Public Trust Circles the Drain
Approval ratings for the Court have cratered. Gallup polls show trust in SCOTUS at historic lows, and it’s not hard to see why:
- They overturned Roe despite overwhelming public support for keeping it.
- They expanded gun rights while mass shootings were skyrocketing.
- They gutted regulatory power as the planet literally cooks.
- They pretended racism was over while gutting affirmative action.
They’re not interpreting the law. They’re enforcing a fractional dogma; one that can’t win in legislatures, so it hides behind precedent-smashing rulings.
As if partisan rulings weren’t enough, the justices have been caught swimming in billionaire money like it’s Scrooge McDuck’s vault.
- Clarence Thomas: Lavish vacations, private jets, real estate deals bankrolled by Harlan Crow — a guy whose hobbies apparently include collecting Hitler memorabilia.
- Samuel Alito: Luxury fishing trips courtesy of conservative megadonors, disclosed with all the transparency of a mob accountant.
- The Rest: Pretend they’re squeaky clean, but the system has no enforceable ethics code. They police themselves — which is like asking the foxes to draft security rules for the henhouse.
Legitimacy Was the Only Thing They Had
The Court doesn’t have an army. It doesn’t control the purse. It has only legitimacy: the idea that people obey because they believe the Court is neutral. Once that’s gone? The emperor isn’t just naked; he’s streaking across the National Mall with a “Make Originalism Great Again” flag duct-taped to his back.
When half the country sees SCOTUS as just another partisan body, why should they respect its rulings? The North ignored Dred Scott. Red states today ignore federal gun laws. Blue states are openly challenging abortion bans and immigration rulings. When the Court becomes a political arm, compliance becomes optional, and that’s a dangerous game of chicken for a republic that relies on shared rules.
Chief Justice John Roberts once described the role of the Court as simply “calling balls and strikes.” Cute metaphor, fuckface! But this Court isn’t an umpire. It’s the guy who shows up with gasoline and a match, burns down the stadium, and then insists the game is still fair.

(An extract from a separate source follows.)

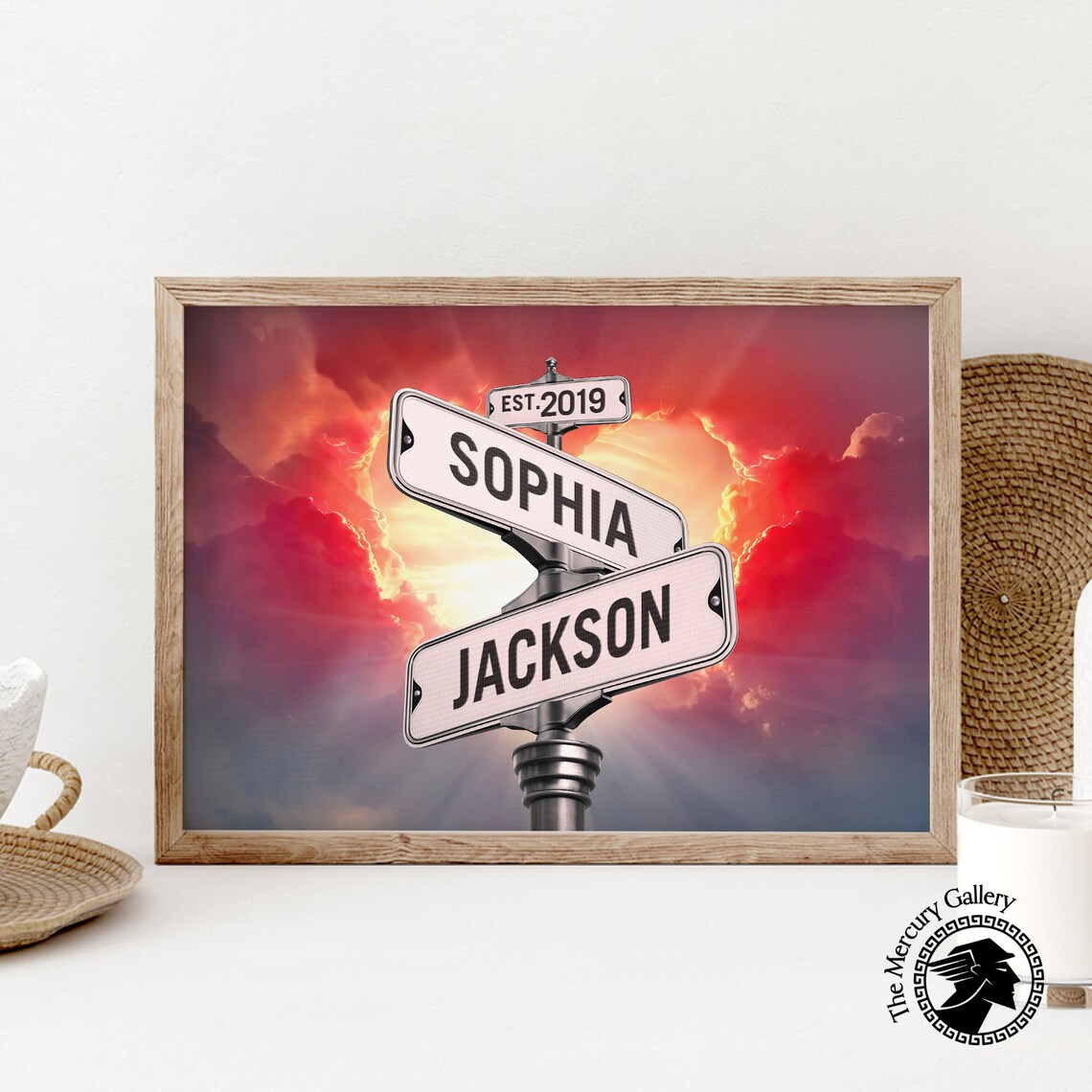 Personalized Name Intersection Sign, Valentine Gift - Image 3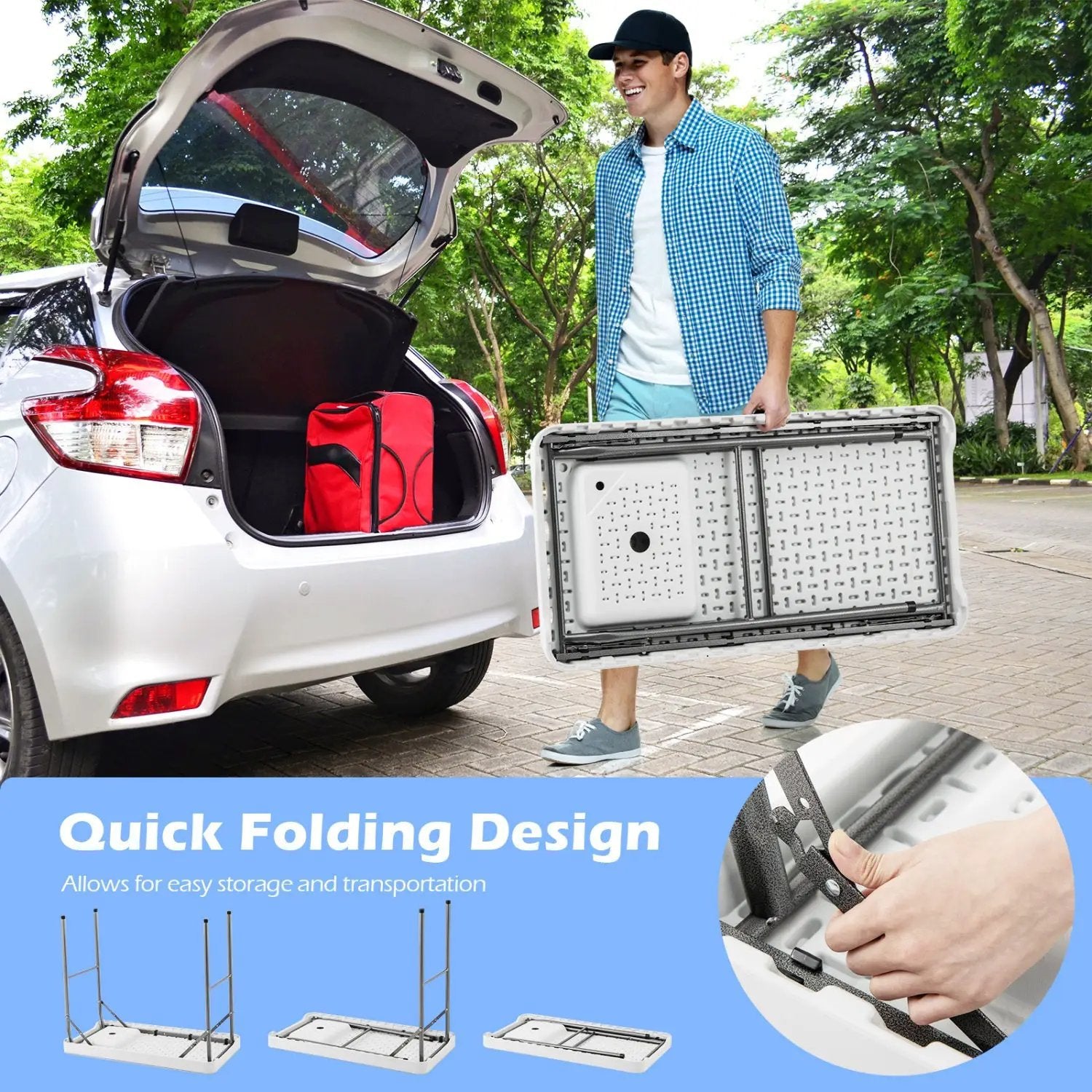 Folding Fish Cleaning Table with Sink and Rotatable Faucet by DirectDeals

The antebellum South treated the Court as its constitutional bodyguard. The modern GOP treats it as its ideological insurance policy. The costumes have changed; plantation owners in frock coats vs. Federalist Society hookers in tailored robes but the instinct is the same: if democracy won’t give you what you want, hijack the branch that can’t be voted out and then bribe them to legalize your crimes.

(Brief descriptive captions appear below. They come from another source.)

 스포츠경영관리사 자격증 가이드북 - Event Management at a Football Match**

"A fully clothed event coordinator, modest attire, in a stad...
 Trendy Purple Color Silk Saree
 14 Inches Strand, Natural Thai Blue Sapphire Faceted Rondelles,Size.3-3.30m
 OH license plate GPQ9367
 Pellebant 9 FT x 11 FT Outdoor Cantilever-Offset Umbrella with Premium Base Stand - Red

The Supreme Court was supposed to be neutral, the ballast keeping the ship steady. Instead, it’s become the fortress one side hides in while lobbing grenades at the other. You don’t need to persuade the public when you’ve got lifetime allies writing your archaic and wildly loathed policies into constitutional stone.
And let’s kill the hostage metaphor once and for all: the Court isn’t tied up in the basement. It’s in the getaway car, counting the loot, smiling as democracy bleeds out on the curb.

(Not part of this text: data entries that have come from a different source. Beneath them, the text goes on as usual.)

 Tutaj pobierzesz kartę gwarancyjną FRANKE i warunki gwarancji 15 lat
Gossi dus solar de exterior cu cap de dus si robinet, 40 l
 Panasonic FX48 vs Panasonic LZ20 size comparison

Roger Taney enshrined slavery with Dred Scott. John Roberts presides over a Court dismantling reproductive rights, gutting regulation, and kneecapping democracy.
The South’s judicial capture ended in secession and civil war. Today’s version has ended in a Court so corrupt it can’t even spell legitimacy, let alone command it. Public trust has tanked, states are selectively ignoring rulings, and the robes have become less a symbol of justice than costumes for partisan robots with gavels.
History doesn’t repeat itself that often, but when it does, it’s usually summoned by money-infused assholes who think “liberty” is a costume party. The South once seceded to protect its blatant bigoted ignorance. Today’s GOP stayed, rewrote the Senate rules, and welded that same bigoted ignorance to the Court.